▶ **Work to complete**
The answer must consist solely of the lines from the one containing "Rocky Horror Picture Sho… (Jim Sharman)" through the last line of the records, set down exactly and without any pictures.

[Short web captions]
________________
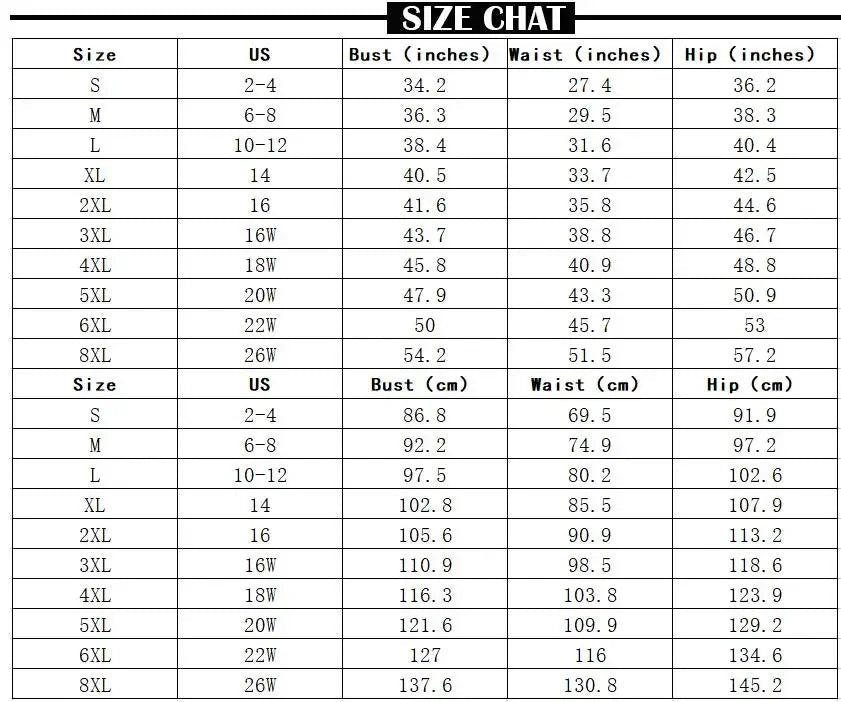 High Touch Printed Fashion Trend Summer Beach Casual Women's Camouflage Bikini Vacation Set S - 5XL - Nouti.market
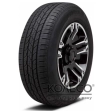 Nexen Roadian HTX RH5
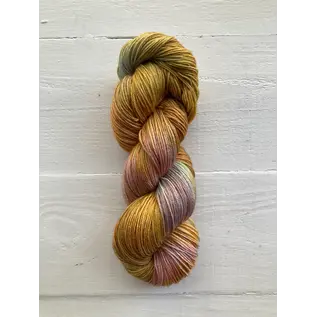 Manos del Uruguay Manos Bambok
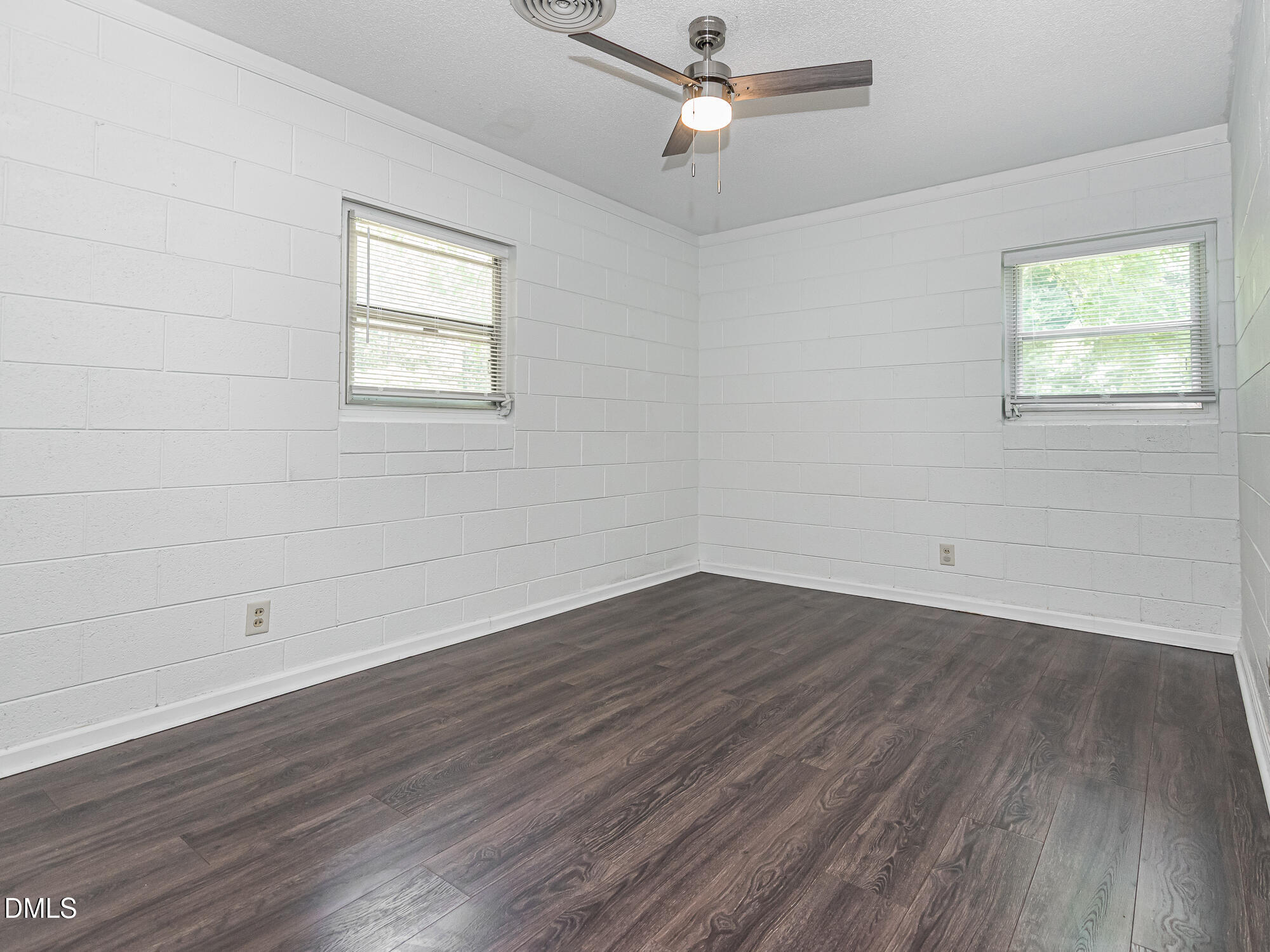 12529 Norwood Road Property Photo 19
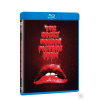 Rocky Horror Picture Sho… (Jim Sharman)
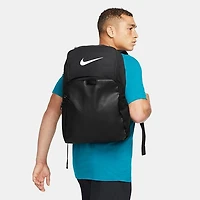 Brasilia 9.5 Backpack (Extra Large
________________
▶ **Exercise output**
 Rocky Horror Picture Sho… (Jim Sharman)
 Brasilia 9.5 Backpack (Extra Large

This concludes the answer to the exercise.